IT DOESN’T ALWAYS PAY TO BE TOUGH
Our softer approach to market regulation may not be so bad after all
Earlier this summer, Toronto-based Cinram International, the world’s largest maker of pre-recorded CDs and DVDs, made a decision that most Canadian companies would have considered unthinkable a decade ago. It deregistered in the United States, opting to stop filing financial information with market regulators there. The decision was a long time in the making— the company delisted from the Nasdaq six years ago and now trades only on the TSX— but the recent move was in part set off by onerous accounting rules it faced in the U.S. under Sarbanes-Oxley, measures passed in 2002 in the wake of the Enron scandal. “The SOX provisions were very costly,” says Lewis Ritchie, the company’s chief financial officer. “I think it was overkill and everybody is pretty well acknowledging that, including those who put in those regulations.”
Cinram isn’t alone in pulling up stakes in the U.S. Last month, International Power, the U.K.-based electricity company, said it was delisting from the New York Stock Exchange “with the aim of reducing compliance costs.” Other foreign firms have done the same, reversing a trend that had once seen listing in the U.S. as the ultimate goal for most growing firms. The tide has turned so far that even Eliot Spitzer, the New York attorney general who led the charge against Wall Street malfeasance, changed his tune on the effectiveness of U.S. market regulation. “It has created an unbelievable burden for small companies,” he said in a speech last year.
U.S. soul-searching over the reaction to Enron stands in marked contrast to the situation in Canada, where criticism that regulators haven’t gone far enough to protect investors is as loud as ever. Last month, Finance Minister Jim Flaherty delivered a stinging speech in Toronto about the need for a single national regulator, highlighting the perception that capital market enforcement in Canada is lax and that investors seem to put more faith in rules-obsessed Americans to police their markets. “It concerns me greatly that some Canadian investors
consider it necessary to rely on the United States to hold companies to account for their actions,” said Flaherty.
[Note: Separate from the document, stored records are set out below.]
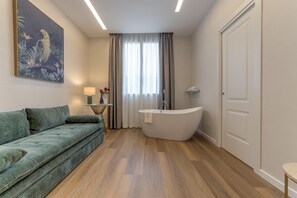 Interior - GH Villa Poerio   Quadruple Room with Bath (ROMA)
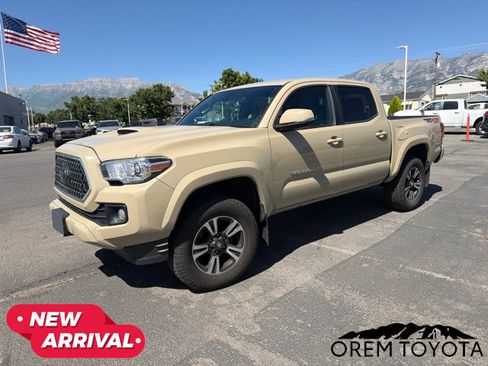 Used 2018 Toyota Tacoma TRD Sport w/ Technology Package AWD/4WD image 12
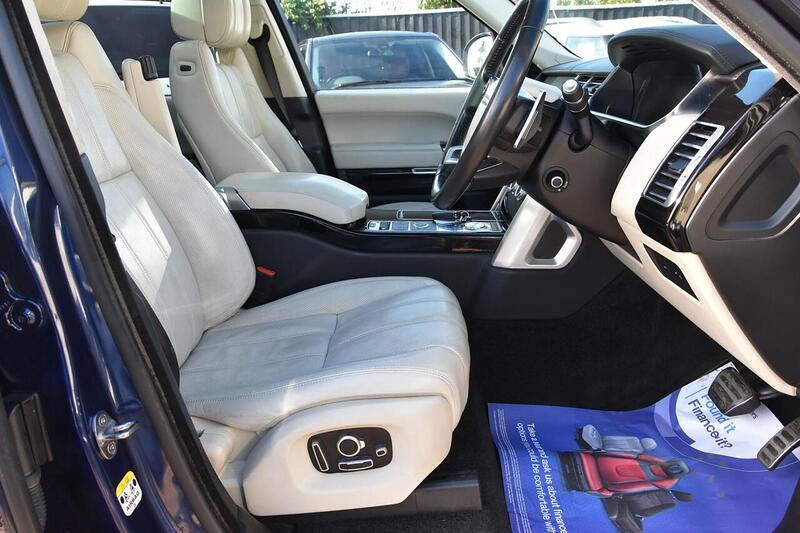 Used Land Rover Range Rover 2015 for sale - 76374662: Photo 12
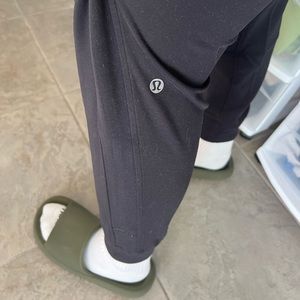 Ready to Rulu Joggers Size 4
There’s no shortage of high-profile critics who say Canada’s regulators—particularly the Ontario Securities Commission, the country’s biggest and most important body—are too reluctant to put white-collar criminals behind bars. But as the U.S. market stumbles and investors grow weary of the market crackdown, many observers, from academics to securities lawyers, say Canadians should be careful what they wish for. If the U.S. experi-
ence has done anything, it’s raised an important question: how much regulation is too much? Even in the absence of a national regulatory body, there’s growing evidence that Canadian market enforcers haven’t done so badly with their softer approach, riding a fine line between protecting the market and not suffocating it under an avalanche of enforcement. “There are extraordinary things happening in the U.S. as the pendulum has swung back,” says OSC vice-chair James Turner, who along with the OSC executive team sat down to speak with Maclean’s. “Even more important, the U.S. has discovered they’re not the only capital market in the world.”
FIVE YEARS AGO, few observers thought Canada should hold off on aggressive, U.S.-style reforms. After Enron and WorldCom, there seemed only one way to protect investors: put executives in prison and slap tough regulations on public companies to guard against future sins. “There was a great worry that these were not simply two unusual, pathological incidents, but the tip of a very big iceberg,” says Christopher Nicholls, a law professor at the University of Western Ontario. And there was a lot of reason to believe that was true. Beyond the two high-profile meltdowns, there were plenty of other troubling cases, even in Canada, from Royal Group Technologies to Nortel Networks.
But Canadian regulators mostly resisted pressure to elbow U.S. rules onto Canadian markets, most notably by not adopting controversial Sarbanes-Oxley measures calling for strict, and many say superfluous, auditing rules, like making CEOs sign off on the accuracy of financial statements. Compliance with those rules has proved costly in the U.S. and, experts say, would have crippled Canadian markets dominated by small companies. They would have had “very, very serious adverse affects,” says Nicholls.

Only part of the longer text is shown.